## What is expected
Produce a verbatim transcript of the entries below, excluding pictures.

Image-caption web data:

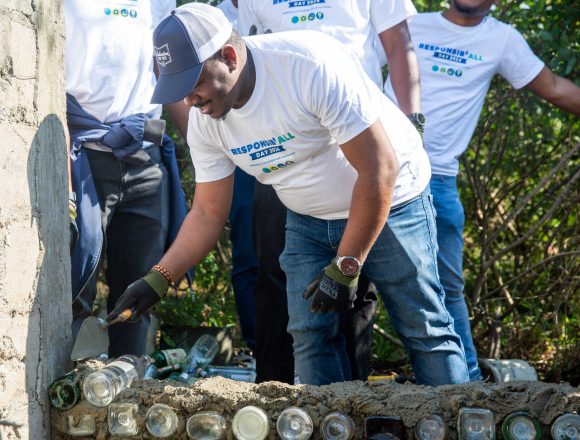 Pernod Ricard junta-se a Cooperativa Repensar para promover o fabrico do bloco de vidro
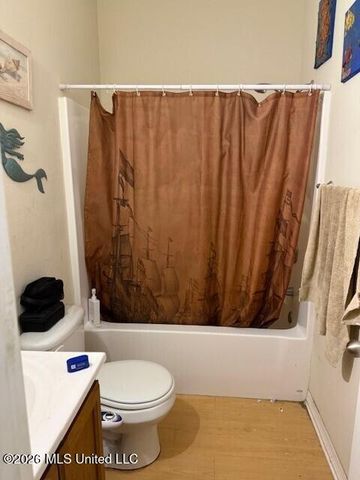 2012 Napoleon Street, A&B, Ocean Springs, MS 39564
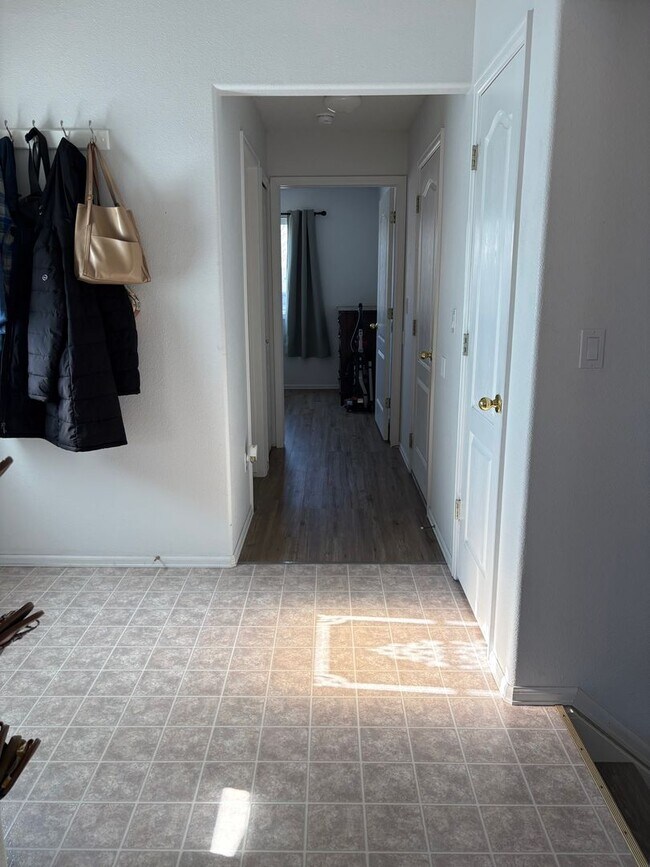 Building Photo - 4 Bedroom 3.5 Bath in Widefield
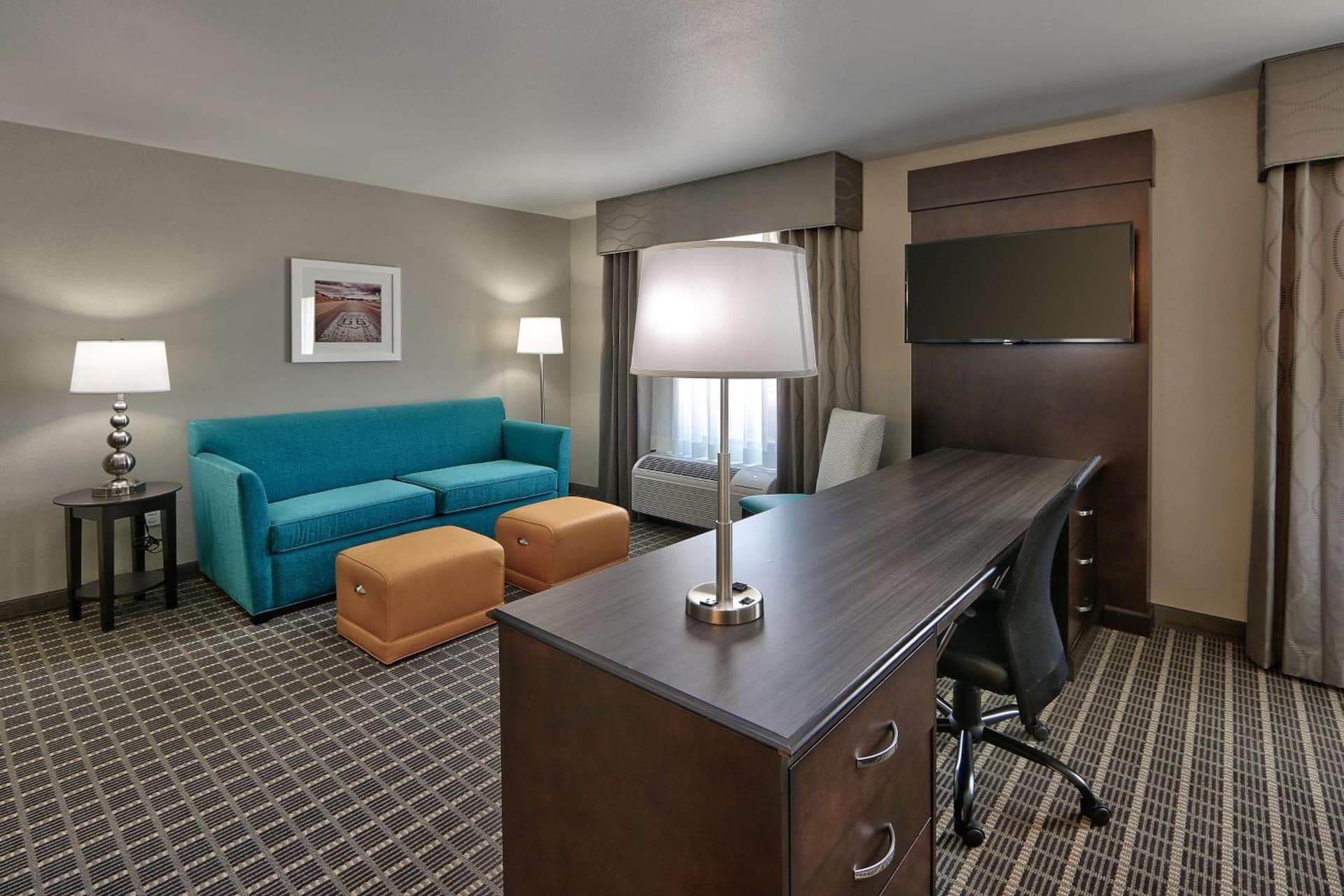 Hampton Inn & Suites Albuquerque Airport interior in Albuquerque, NM — gallery photo 2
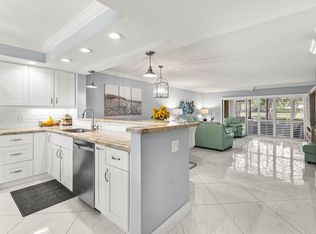 12926 Briarlake Drive #102, West Palm Beach, FL 33418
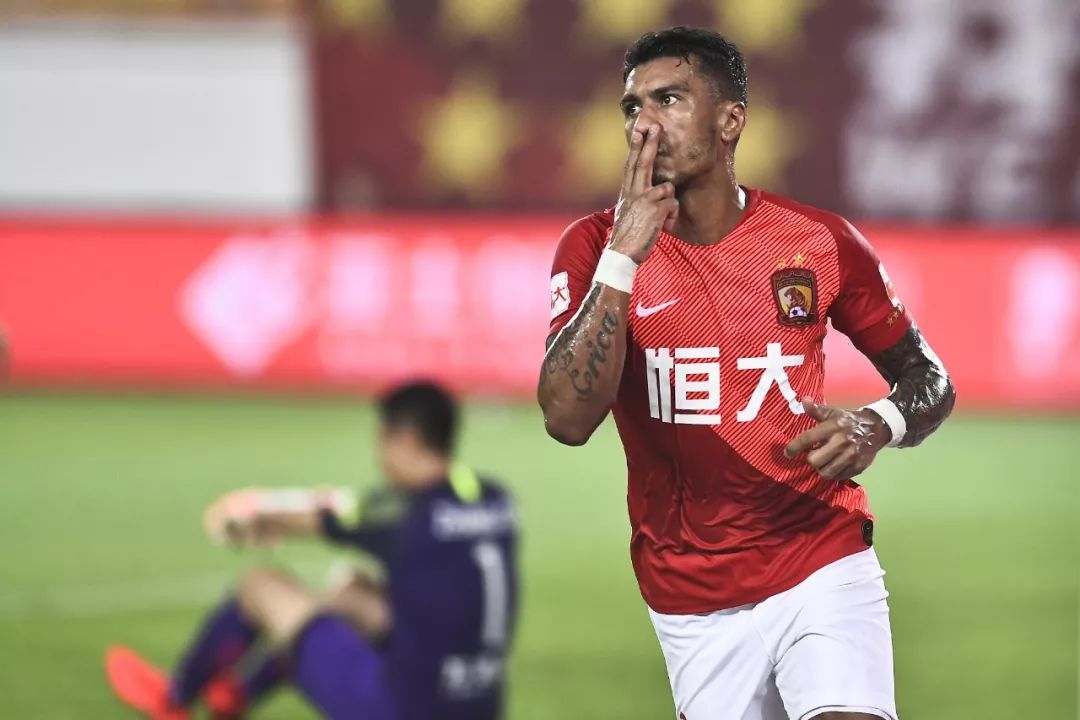 【中超】保利尼奥帽子戏法,埃尔克森回归天体献进球,广州恒大淘宝4-1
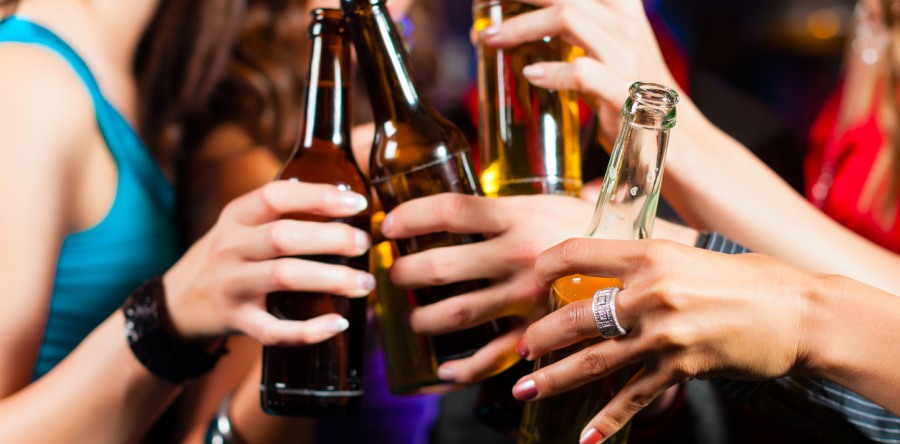La máxima autoridad de salud de Estados Unidos pide que las bebidas alcohólicas lleven etiquetas por aumentar el riesgo de cáncer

## Response
 Pernod Ricard junta-se a Cooperativa Repensar para promover o fabrico do bloco de vidro
 2012 Napoleon Street, A&B, Ocean Springs, MS 39564
 Building Photo - 4 Bedroom 3.5 Bath in Widefield
 Hampton Inn & Suites Albuquerque Airport interior in Albuquerque, NM — gallery photo 2
 12926 Briarlake Drive #102, West Palm Beach, FL 33418
 【中超】保利尼奥帽子戏法,埃尔克森回归天体献进球,广州恒大淘宝4-1
La máxima autoridad de salud de Estados Unidos pide que las bebidas alcohólicas lleven etiquetas por aumentar el riesgo de cáncer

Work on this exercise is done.